The actors in SS-GB are accomplished, experienced professionals. Direct them. They can do it. They will if told. It may ruffle a few feathers, but the overall responsibility is the director’s. I was even more annoyed at the way the flak (well, it is about World War II) is directed largely at Sam Riley and James Cosmo. Yes, they were totally unintelligible at times, but actors don’t listen to the sound through headphones. They had every right to assume, unless told otherwise, that it sounded clear on the day. Thirteen people are credited in the “Sound Department” on IMDB. That’s what the sound supervisor is checking as you film. Blaming the actors is diversionary, unfair and hurtful. The fault must be the director and producer and sound department. Don’t put it on the actors. I’ll add that if I were the director, I wouldn’t let anyone else blame the actors either. The buck stops there.
On to the film grammar point. We put new dialogue on all the first three Wallace & Gromit videos. It was painstaking because even with an animation, you have to match mouth moves. Let’s return to the overdubbing in American major movies. It makes the comprehension more problematic.
In SS-GB, again and again, dialogue was heard with actors walking away, turned away from camera, in total shadow. I was getting annoyed at the ineptness of the direction on that alone, and the visual angles which were chosen greatly exacerbated the effect of the mumbling. They had whispered dialogue on wide shots. It’s simple. People whisper to you when you are close to them. You want whispering? Then you use tight close up. As has been pointed out, the Germans were far easier to understand than the English … it was in character for them to speak loudly in a commanding way AND they tended to be filmed face on.
Even better, when the Germans spoke in German we had SUBTITLES. Joy and relief. One BBC voice suggested we might use subtitles throughout if we had problems … what?
The BBC say they’ll investigate “boosting the audio” for episode 2.
Well, they can remix the levels against background noise and music and it might help a bit. They can boost treble too, which sometimes helps. But in the end loud inarticulate mumbling is still inarticulate mumbling. I’ll try ten minutes of episode 2, and if the boost does nothing, switch off.
And please, BBC apologists (there are a bunch who claim it was clear), just do an audio comparison with ITV’s Halcyon.

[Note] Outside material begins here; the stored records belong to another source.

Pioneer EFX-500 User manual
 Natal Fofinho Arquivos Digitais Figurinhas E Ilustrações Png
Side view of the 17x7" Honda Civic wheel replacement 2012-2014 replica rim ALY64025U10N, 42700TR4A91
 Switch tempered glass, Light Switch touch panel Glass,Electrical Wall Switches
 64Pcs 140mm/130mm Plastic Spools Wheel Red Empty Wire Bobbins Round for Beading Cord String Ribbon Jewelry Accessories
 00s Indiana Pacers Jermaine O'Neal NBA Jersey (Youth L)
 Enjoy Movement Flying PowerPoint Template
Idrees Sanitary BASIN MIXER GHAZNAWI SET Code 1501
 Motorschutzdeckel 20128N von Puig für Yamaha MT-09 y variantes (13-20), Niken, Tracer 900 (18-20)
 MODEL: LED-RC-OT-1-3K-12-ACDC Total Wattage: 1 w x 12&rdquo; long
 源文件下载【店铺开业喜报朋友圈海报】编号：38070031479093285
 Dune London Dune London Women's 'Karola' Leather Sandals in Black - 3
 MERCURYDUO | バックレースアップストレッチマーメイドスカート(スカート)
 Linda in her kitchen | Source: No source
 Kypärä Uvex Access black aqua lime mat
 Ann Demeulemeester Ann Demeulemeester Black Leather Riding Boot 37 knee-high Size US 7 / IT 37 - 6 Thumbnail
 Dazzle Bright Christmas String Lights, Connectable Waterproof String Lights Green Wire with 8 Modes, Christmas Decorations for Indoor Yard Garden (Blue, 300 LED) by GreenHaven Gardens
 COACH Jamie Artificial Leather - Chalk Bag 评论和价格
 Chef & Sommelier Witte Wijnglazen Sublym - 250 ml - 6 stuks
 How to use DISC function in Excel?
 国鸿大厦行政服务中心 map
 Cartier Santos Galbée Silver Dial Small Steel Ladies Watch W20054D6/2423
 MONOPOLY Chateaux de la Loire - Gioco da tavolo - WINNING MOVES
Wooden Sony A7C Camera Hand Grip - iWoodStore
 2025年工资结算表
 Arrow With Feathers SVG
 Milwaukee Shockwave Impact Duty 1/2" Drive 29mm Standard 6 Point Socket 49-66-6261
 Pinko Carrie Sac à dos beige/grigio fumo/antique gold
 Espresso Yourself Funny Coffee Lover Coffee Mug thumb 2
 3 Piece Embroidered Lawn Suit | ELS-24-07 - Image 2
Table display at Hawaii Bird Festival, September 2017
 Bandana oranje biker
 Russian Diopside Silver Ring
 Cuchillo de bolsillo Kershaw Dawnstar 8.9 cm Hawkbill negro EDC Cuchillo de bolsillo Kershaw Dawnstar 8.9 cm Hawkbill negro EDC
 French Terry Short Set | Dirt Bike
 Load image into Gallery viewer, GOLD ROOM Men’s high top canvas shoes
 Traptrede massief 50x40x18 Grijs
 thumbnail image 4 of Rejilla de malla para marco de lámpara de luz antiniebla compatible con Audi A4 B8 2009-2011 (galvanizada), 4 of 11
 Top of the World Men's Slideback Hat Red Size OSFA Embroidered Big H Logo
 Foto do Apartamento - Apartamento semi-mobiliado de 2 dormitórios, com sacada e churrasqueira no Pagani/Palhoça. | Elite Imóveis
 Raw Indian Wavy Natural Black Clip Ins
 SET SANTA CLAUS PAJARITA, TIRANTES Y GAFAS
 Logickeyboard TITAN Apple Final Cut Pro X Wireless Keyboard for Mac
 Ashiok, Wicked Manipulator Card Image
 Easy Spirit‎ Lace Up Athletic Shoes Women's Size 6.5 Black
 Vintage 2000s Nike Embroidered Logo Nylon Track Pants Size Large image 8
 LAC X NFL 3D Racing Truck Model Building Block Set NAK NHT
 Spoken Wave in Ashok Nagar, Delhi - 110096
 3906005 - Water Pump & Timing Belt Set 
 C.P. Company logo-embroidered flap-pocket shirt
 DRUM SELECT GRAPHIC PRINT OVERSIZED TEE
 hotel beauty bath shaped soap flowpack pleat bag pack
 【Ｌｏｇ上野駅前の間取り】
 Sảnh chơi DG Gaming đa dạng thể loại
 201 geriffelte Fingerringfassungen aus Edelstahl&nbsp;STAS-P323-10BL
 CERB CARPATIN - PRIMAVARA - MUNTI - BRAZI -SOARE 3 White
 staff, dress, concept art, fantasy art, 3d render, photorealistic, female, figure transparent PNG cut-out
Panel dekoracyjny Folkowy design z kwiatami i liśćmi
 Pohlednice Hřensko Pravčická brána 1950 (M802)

I’ll add that Halcyon’s fictional version of real London 1940, is a far better story than Deighton’s alternative reality. Philip K. Dick’s original novel, The Man in The High Castle was written in 1962, and set in an alternate future after Japan and Germany had won the war. Len Deighton’s SS-GB dates from 1978. Now we have the TV series for both. The Philip K. Dick were the inspiration for both the Deighton novel and the BBC series, I suspect.
EPISODE TWO
Boosted top end aided clarity, and they balanced the vocal track higher against background … though still inept in seeing mouths move, or speakers at a plausible distance. Mainly I could hear it better than epode one.